As a kid, my father scolded me for getting too emotional about topics of discussion. He'd say, "This is a question of logic," or "Your emotions are getting in the way." I now know that he wasn't quite right. Emotions can and should be channeled into the right language in order to make an impact. To stifle emotion is to risk deadening one's language.
The topics that deserve the most discussion are emotional. They are tied to our core and tangled in our experience. Lately, though, our country feels like a giant knot of tension and misunderstanding or worse--ignorance.
What is a teacher's role? I've written about my thoughts regarding dissent in the classroom here.
When I was about 6 years old, I was obsessed with yarn--not for knitting--rather, I would create these elaborate webs in my bedroom. It would take hours to weave the yarn from my doorknob, to my top bunk rail, to the window ledge locks, through the slots of my wicker chair, etc. Usually it was quiet in my room as I spun my webs--and as always, I would eventually be instructed to take the yarn down. My mom would challenge me to unwind my webs without having to cut the yarn. Again, hours--entertainment in the 1970s, I guess.

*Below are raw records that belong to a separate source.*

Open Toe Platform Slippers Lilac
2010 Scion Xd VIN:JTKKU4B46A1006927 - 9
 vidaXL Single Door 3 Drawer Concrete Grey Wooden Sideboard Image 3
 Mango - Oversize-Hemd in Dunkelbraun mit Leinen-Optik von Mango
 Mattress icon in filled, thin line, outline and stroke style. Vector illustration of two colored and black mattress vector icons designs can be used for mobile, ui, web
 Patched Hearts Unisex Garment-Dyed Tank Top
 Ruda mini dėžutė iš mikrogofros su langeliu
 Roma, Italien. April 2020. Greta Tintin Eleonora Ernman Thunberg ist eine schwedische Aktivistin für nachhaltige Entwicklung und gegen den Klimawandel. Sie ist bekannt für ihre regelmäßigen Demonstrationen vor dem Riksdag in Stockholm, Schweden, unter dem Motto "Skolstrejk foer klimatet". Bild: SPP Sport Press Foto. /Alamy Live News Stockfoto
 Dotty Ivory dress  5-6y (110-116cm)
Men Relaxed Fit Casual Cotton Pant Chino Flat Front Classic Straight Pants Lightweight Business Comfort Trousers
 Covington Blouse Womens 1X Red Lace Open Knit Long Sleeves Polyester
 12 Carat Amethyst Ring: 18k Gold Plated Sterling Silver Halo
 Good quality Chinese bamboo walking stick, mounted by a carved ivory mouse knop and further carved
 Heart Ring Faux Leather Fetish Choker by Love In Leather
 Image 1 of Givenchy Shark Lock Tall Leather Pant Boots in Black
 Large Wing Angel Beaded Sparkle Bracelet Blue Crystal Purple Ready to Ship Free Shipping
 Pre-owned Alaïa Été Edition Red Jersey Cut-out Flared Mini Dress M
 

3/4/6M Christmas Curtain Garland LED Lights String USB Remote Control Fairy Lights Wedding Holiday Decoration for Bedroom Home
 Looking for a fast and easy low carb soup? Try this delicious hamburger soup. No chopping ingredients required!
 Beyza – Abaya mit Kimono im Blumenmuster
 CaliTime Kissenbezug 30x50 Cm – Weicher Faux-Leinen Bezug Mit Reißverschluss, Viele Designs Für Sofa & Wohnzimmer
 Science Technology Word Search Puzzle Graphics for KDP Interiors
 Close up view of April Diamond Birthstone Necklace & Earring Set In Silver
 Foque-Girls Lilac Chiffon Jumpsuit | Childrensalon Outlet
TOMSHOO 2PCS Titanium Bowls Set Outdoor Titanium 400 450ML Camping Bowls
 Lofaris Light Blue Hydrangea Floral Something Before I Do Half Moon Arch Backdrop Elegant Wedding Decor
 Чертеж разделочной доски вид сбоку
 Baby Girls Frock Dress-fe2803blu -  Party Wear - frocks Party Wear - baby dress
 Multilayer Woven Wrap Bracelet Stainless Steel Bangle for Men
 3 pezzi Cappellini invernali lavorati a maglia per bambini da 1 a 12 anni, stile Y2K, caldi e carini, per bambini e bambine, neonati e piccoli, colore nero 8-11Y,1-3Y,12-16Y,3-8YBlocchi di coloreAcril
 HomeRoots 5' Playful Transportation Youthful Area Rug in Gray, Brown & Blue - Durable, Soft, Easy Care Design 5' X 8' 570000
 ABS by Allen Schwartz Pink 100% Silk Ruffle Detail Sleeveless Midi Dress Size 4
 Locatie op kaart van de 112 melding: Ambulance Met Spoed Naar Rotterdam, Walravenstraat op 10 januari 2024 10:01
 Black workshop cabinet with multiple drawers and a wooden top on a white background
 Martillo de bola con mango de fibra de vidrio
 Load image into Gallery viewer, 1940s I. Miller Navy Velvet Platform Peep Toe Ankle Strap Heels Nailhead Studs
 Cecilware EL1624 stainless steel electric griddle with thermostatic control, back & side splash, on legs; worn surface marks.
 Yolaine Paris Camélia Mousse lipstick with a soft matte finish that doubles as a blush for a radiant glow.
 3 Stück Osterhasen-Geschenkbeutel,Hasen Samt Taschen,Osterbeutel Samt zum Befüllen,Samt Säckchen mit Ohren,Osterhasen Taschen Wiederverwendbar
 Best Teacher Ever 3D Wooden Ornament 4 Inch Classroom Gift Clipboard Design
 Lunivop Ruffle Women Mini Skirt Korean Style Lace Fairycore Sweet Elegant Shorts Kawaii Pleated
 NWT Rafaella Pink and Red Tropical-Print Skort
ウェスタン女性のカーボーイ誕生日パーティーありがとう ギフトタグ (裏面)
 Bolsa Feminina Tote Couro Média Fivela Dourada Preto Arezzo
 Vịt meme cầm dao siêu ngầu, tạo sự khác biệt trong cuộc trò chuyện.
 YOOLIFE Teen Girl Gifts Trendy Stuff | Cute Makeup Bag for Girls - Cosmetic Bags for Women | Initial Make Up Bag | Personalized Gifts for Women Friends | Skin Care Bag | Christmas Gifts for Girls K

Only, I am thinking about this today because I realize that those webs were in fact a physical manifestation of thoughts. Really, that yarn might have been named "dendrites" or "synapses". So, as I begin to outline a unit involving debate, a unit that will surely include emotional topics and reactions--I find myself imagining my students as young children.
I picture them in shadowy rooms webbing and tangling their ideas. And now, I see them with all different colors of yarn in our classroom--carefully tying their thoughts together in a web of agreement or dissent. It looks messy. It looks a little rough. But, on the clean-up, the students are coiling their ideas which have webbed around another's ideas and another's and so on.
Their yarn will be weathered but usable. Sure, some may have been snipped or snagged. Hopefully, with effective facilitation, they will weave more informed webs of thought the next time they need to express an opinion about something that is meaningful.
Their emotion and reason will be bound, unwound and regathered in new varieties of language--together. And, it is my greatest hope, that this process of working it out together will in fact provide a launching pad of sorts. A home base woven of risk and safety.